The New Haven-area economy, which for much of 2017 has fared better than the state as whole, is showing some weakness when it comes to the housing sector, according to the latest edition of the New Haven Register’s economic scorecard.

Seven of the eight economic indicators that make up the scorecard were headed in a positive direction. Donald Klepper-Smith, chief economist and director of research for New Haven-based DataCore Partners and author of the scorecard, said the only indicator headed in a negative direction is housing starts, which were off by 30 percent in September compared to the same period a year ago.

“With the job recovery rate being what it is, we’re sort of muddling along here,” Klepper-Smith said of the New Haven area’s housing indicators. The median single-family home price increased by $7,000, or a little more than 5 percent.

The New Haven area saw total employment and its labor force grow slightly. Total employment in the region was up by 1.2 percent while the labor force grew by 1.1 percent.

“Neither one is going gangbusters,” he said.

Despite weakness in the housing and employment indicators, consumer confidence grew by 36 percent. Some of that confidence is likely due in part to gains made in the stock market, according to David Cadden, a professor emeritus at Quinnipiac University’s School of Business.

“With a rising stock market, people are still convinced we’re doing well,” Cadden said.

But while stock market gains have bolstered consumer confidence, a recent survey released by the Connecticut Business & Industry Association suggests there is no reason to expect significant employment growth going forward.

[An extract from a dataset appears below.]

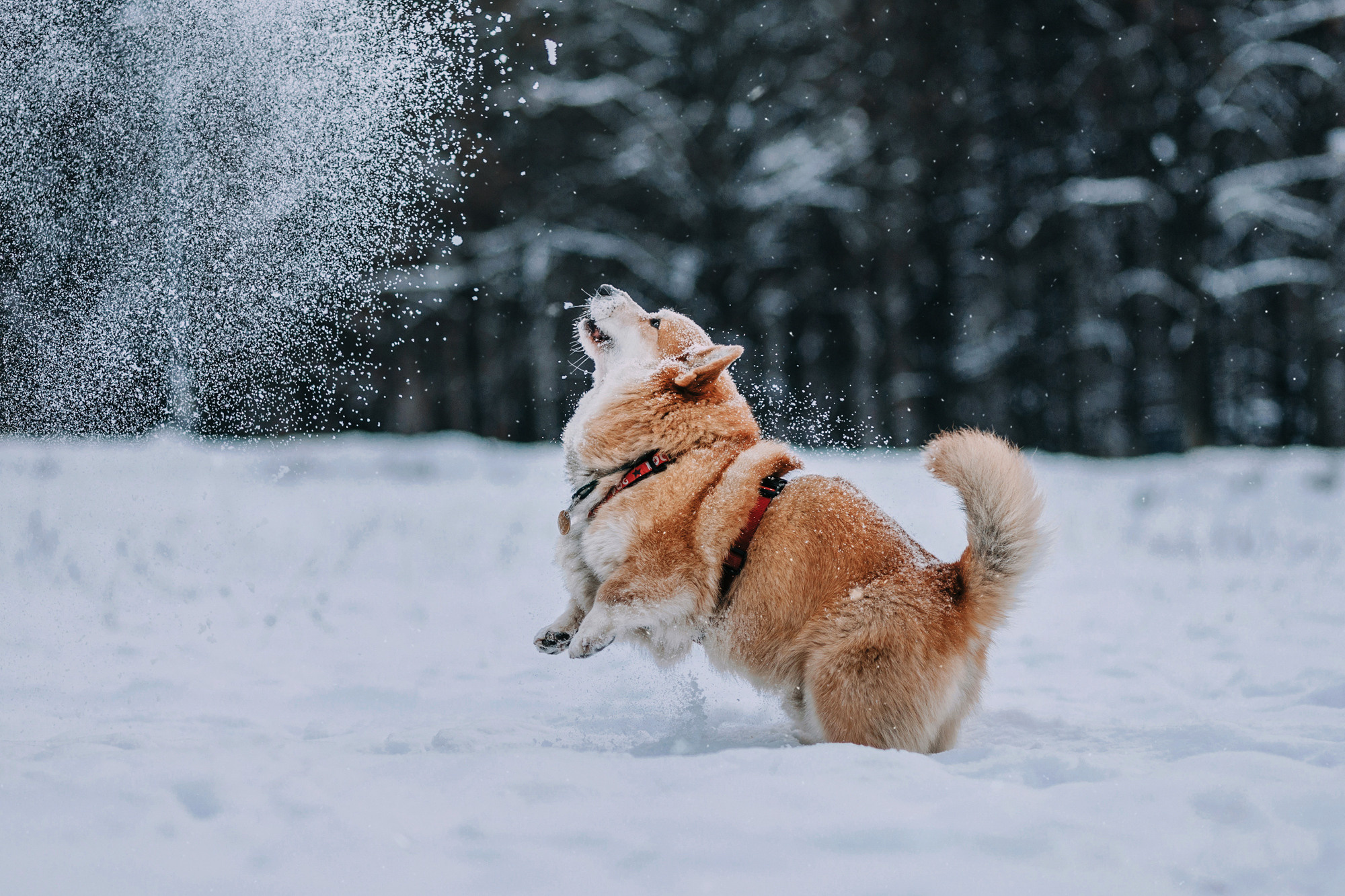 Аня и Фил. Фотограф-анималист Елена Радченко, Москва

CBIA’s 2017 Third Quarter Economic and Credit Availability Survey found the number of business executives who expect the economy to take a turn for the worse in the coming months increased from 14 percent during the second quarter of this year to 24 percent in the third quarter.

The number of companies that expect to add jobs in the coming months decreased slightly from the second quarter. Twenty-one percent of company executives who responded to the third-quarter CBIA survey said they expected to hire workers in the immediate future, compared to 23 percent during the second quarter.

The percentage of companies that expected to impose layoffs in the future grew from 12 percent in the second quarter to 17 percent in the third quarter.

Klepper-Smith said the final months of 2017 and the beginning of 2018 “are a critical period” for the New Haven-area economy.

“We’re starting to get clues, some red flags, that we may be teetering on the edge of a recession,” he said.